Знаменский был великолепным прозаиком, острым публицистом, вдумчивым критиком, объективным редактором, мудрым, душевным человеком. Он шел в одной «упряжке» с Федором Абрамовым, Евгением Носовым, Виктором Астафьевым, однако, по чьему‑то злому умыслу ни в каких литературных «реестрах» России практически не значился.
Всего лишь год не дожил Знаменский до своего 75–летия. Как ни прискорбно это сознавать, его уход из жизни был связан, как и в юности, с предательством так называемых «друзей». Однако книги Знаменского продолжают будить в людях чувства гордости за русский народ и, прежде всего, за возрождающееся казачество. Знаменский был казаком по роду — племени, по духу, по характеру, по всему складу своей жизни. И это наложило на его творчество отпечаток истинного рыцарства и благородства.

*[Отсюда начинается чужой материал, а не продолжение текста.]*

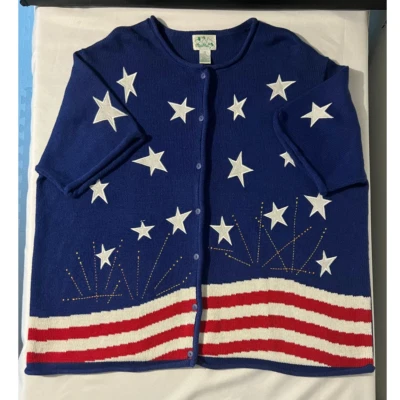 QUACKER FACTORY Women's USA Patriotic Button Front Cardigan Sweater Plus SZ 3X - Image 1 of 4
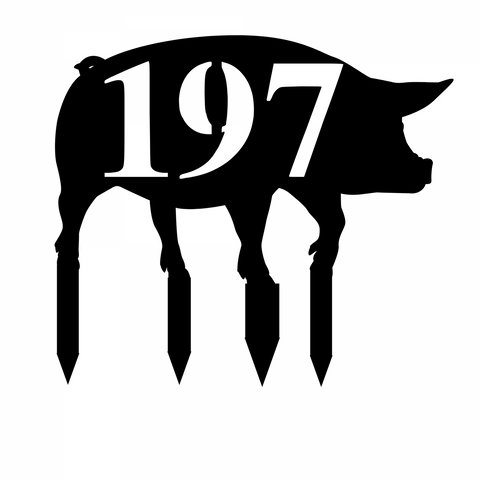 197/pig yard sign/BLACK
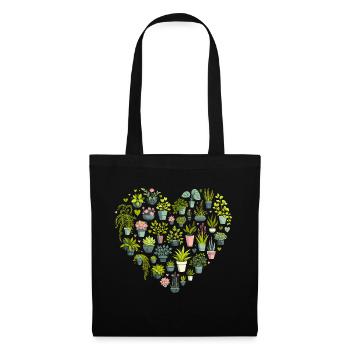 Cœur de plante - Sac en tissu - noir - Devant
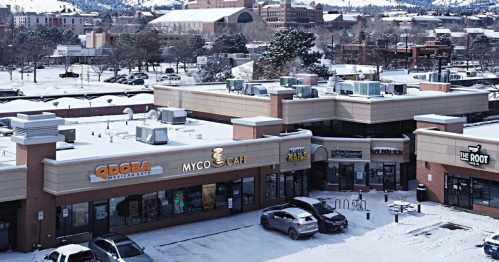 Snow-covered storefronts featuring QDOBA, Myco Cafe, and The Root in a winter landscape.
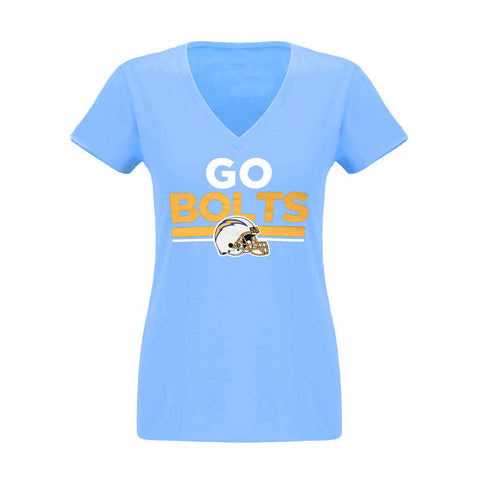 Los Angeles Chargers Womens V-Neck Fanatics Wildcat T-Shirt Sky Blue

Мне посчастливилось знать Анатолия Дмитриевича добрую четверть века. Не скажу, что были мы друзьями, нет, такого «нахальства» даже теперь, задним числом, я себе не позволю. Тут и разница в возрасте, и он — мэтр, а я, собственно, кто и что?.. Кстати, это он, Знаменский, как‑то порекомендовал мне подумать о вступлении в Союз писателей.

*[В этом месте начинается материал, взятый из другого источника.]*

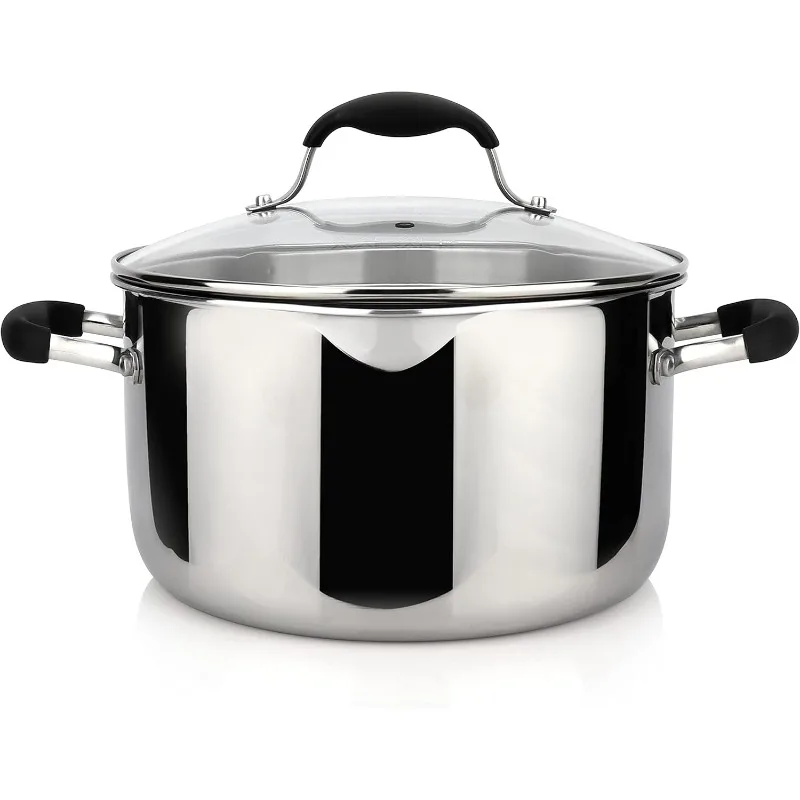 Tri-Ply Stainless Steel Stockpot with Glass Strainer Lid, Side Spouts, 6 Quart Pot, Multipurpose Stock Pot, Sauce Pot (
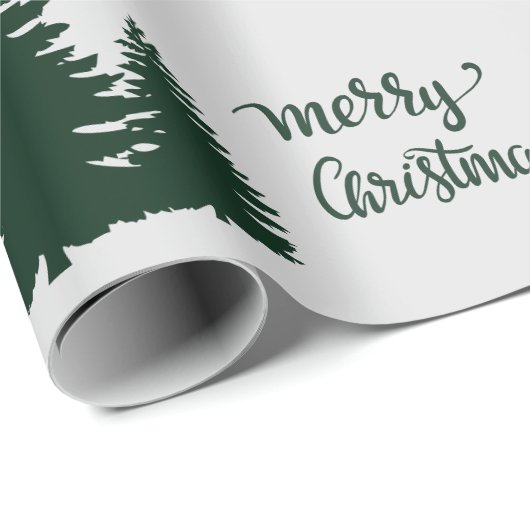 Weihnachts Zitat Tree Muster Elegant Schwarz-weiß Geschenkpapier (Rolleneckpunkt)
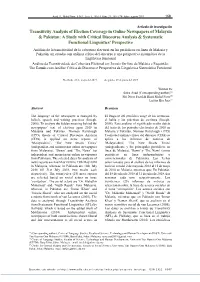 Transitivity Analysis of Election Coverage in Online Newspapers Of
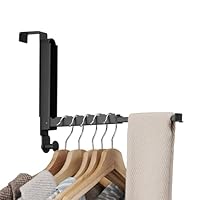 RFOUO Over The Door Hooks Hanger,Over The Door Hanger with Retractable Rod,Foldable Over The Door Drying Rack for Laundry Bathroom Bedroom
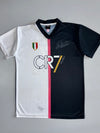 CR7 Museu Black & White Split Football Jersey Ronaldo Signature Print (S)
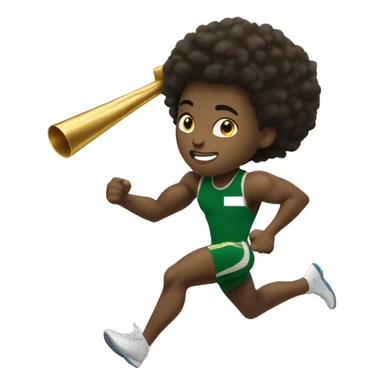 Muscular Afro teenage boy  in green track and field uniform running fast with gold baton. sticker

В последние годы Анатолий Дмитриевич часто заходил к нам в редакцию «Кубанских новостей» и по обыкновению с ехидцей спрашивал: «А знаете, зачем я пожаловал? Нет? Чтобы дать руководящие указания редактору». И заливался смехом до слезинок в глазах. Иногда приносил в газету свои материалы на самые жгучие, неотложные темы, и эти публикации, как правило, имели широкий резонанс. Нередко заходил и просто так, чтобы отвести душу. Но гораздо чаще, ну не каждый день, мы прогуливались в уютном садике у его дома (недавно застроенного гаражами). Дело в том, что мы жили, можно сказать, в одном квартале, только на разных улицах, и Анатолий Дмитриевич, бывало, еще с утра позвонит, поинтересуется: «Как у вас вечер? Может, прогуляемся?». Я, естественно, всякий раз соглашался, потому что это были уникальные в своем роде прогулки, о чем я еще скажу…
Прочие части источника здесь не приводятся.